Repeat every entry exactly. Do not include the pictures.

(Caption-style text data)
*** Block opens ***

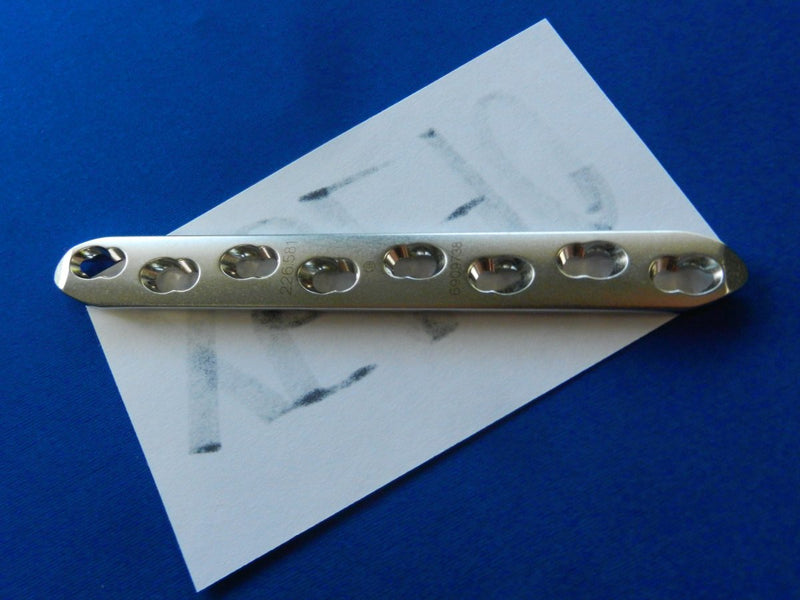 DePuy Synthes 4.5MM BROAD LCP PLATE, 8 HOLES 152MM – 1 ea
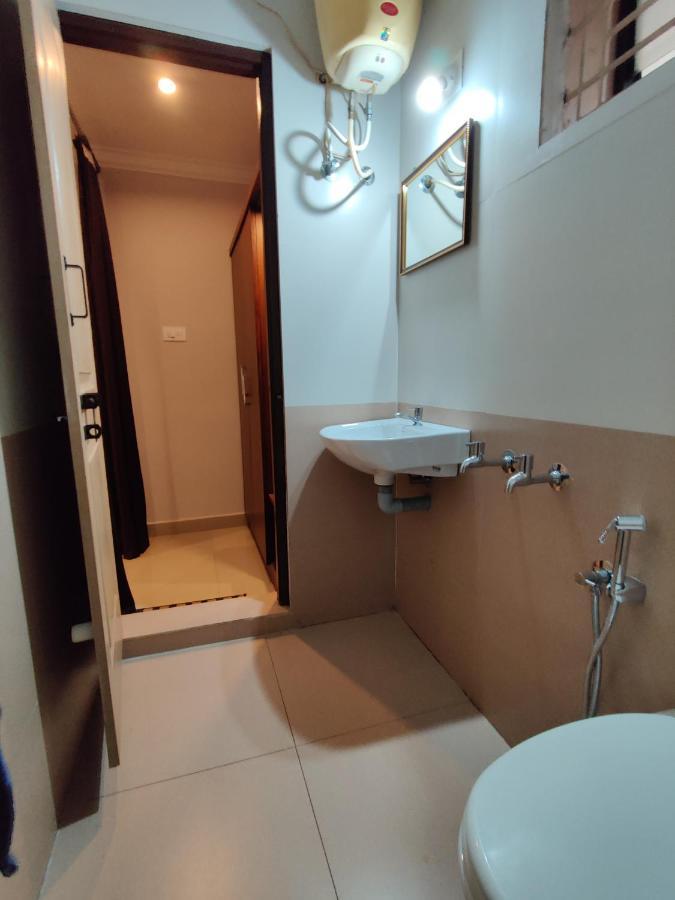 Vyavahar Lodge Udupi Eksteriør billede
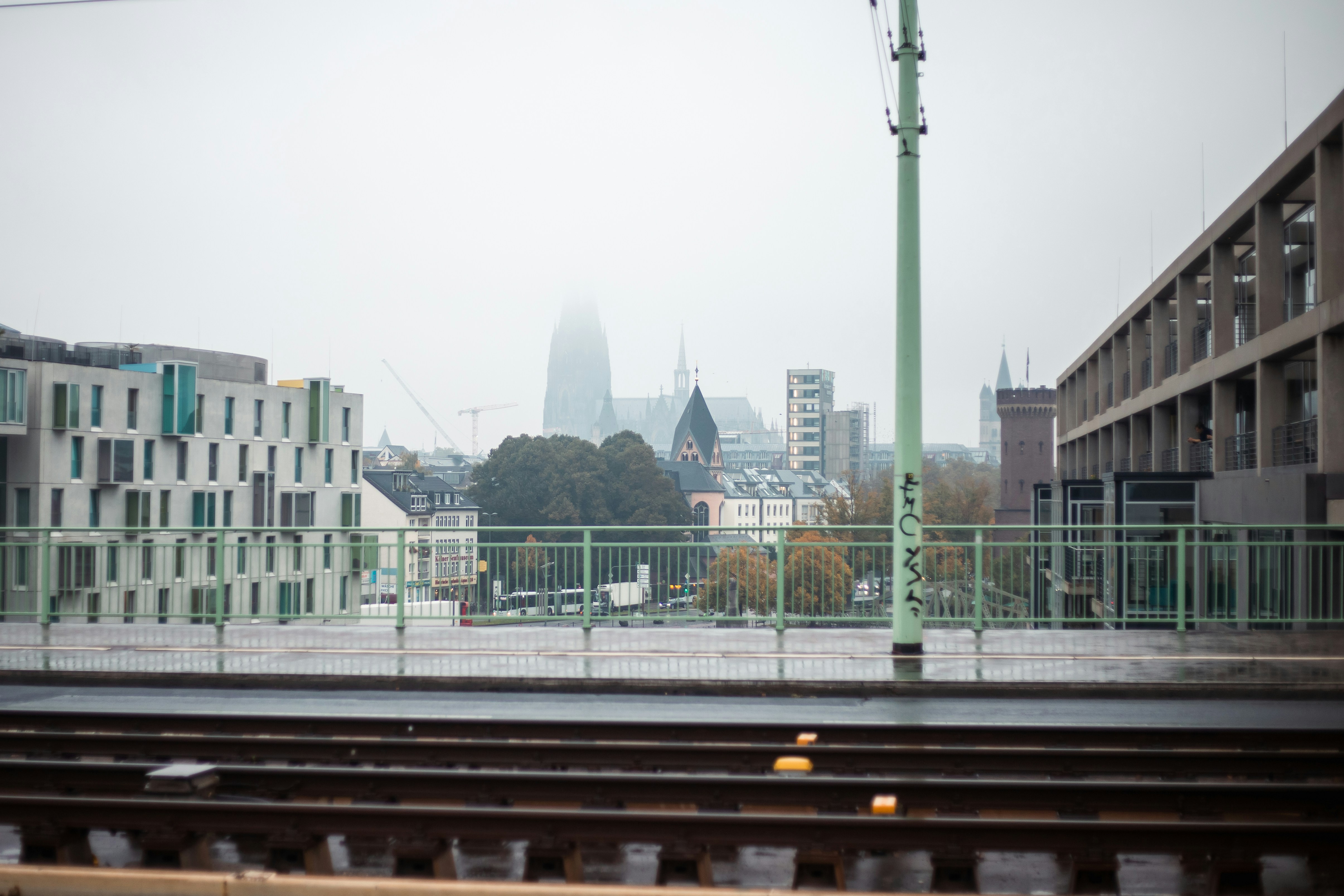 Eine Bahnstrecke mit Gebäuden im Hintergrund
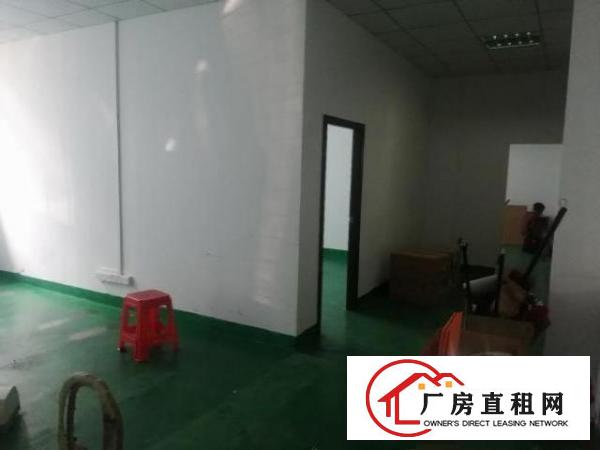  带装修，高度5米，一楼500平，包含2间宿舍，租金9500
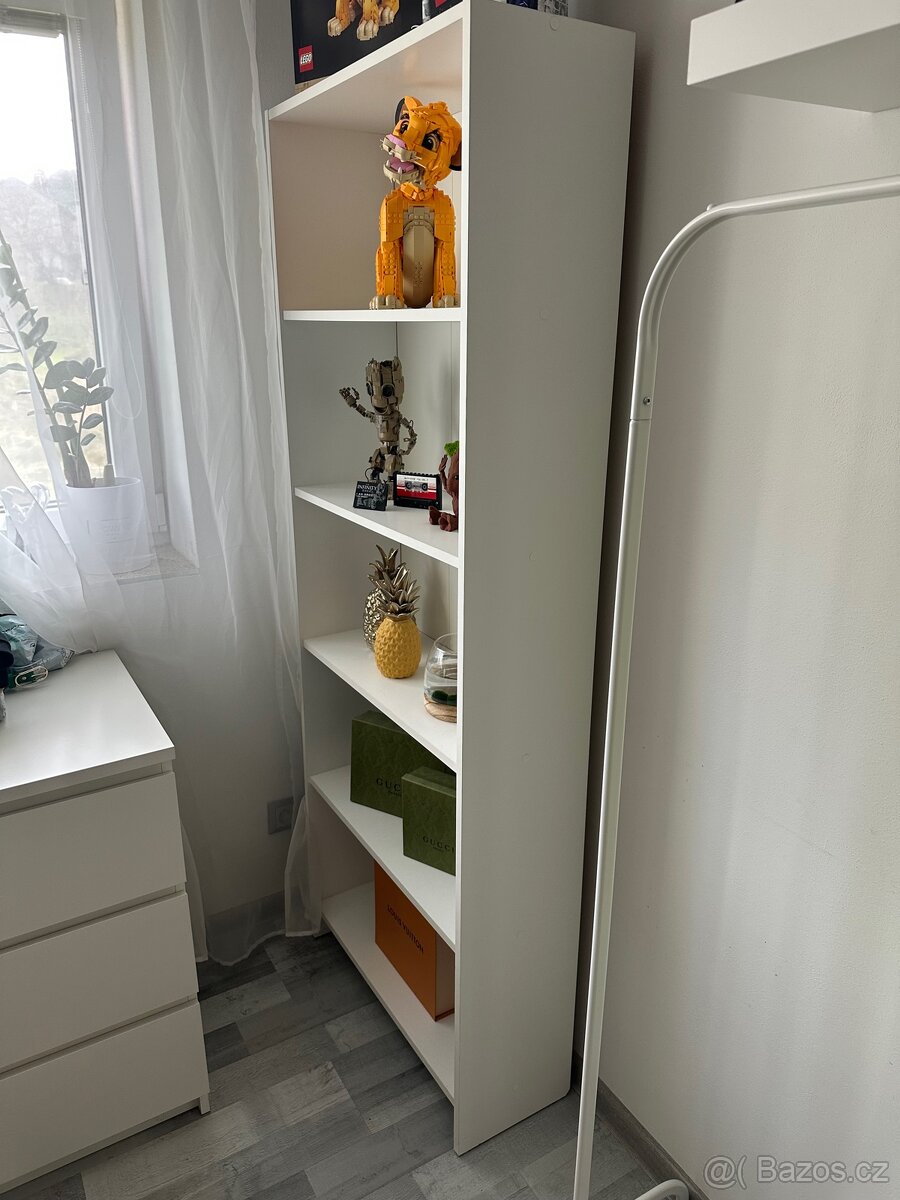 Set nábytku - knihovna a regál - 8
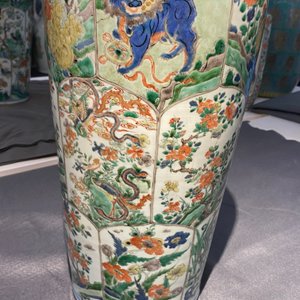 Une paire de vases en porcelaine de Chine famille verte à décor d'animaux mythiques, Kangxi — photo 28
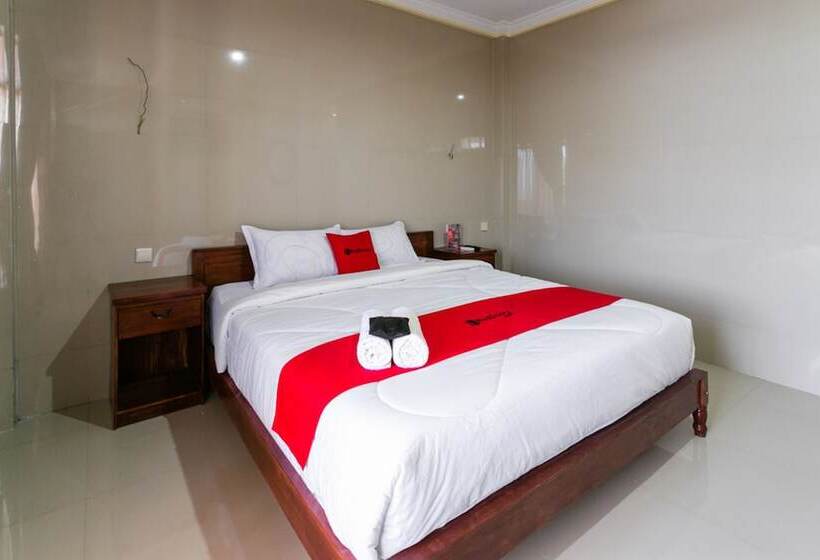 호텔 Reddoorz Near Parangtritis Beach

*** Block closes ***

RESULT OF THE TASK
 DePuy Synthes 4.5MM BROAD LCP PLATE, 8 HOLES 152MM – 1 ea
 Vyavahar Lodge Udupi Eksteriør billede
 Eine Bahnstrecke mit Gebäuden im Hintergrund
  带装修，高度5米，一楼500平，包含2间宿舍，租金9500
 Set nábytku - knihovna a regál - 8
 Une paire de vases en porcelaine de Chine famille verte à décor d'animaux mythiques, Kangxi — photo 28
 호텔 Reddoorz Near Parangtritis Beach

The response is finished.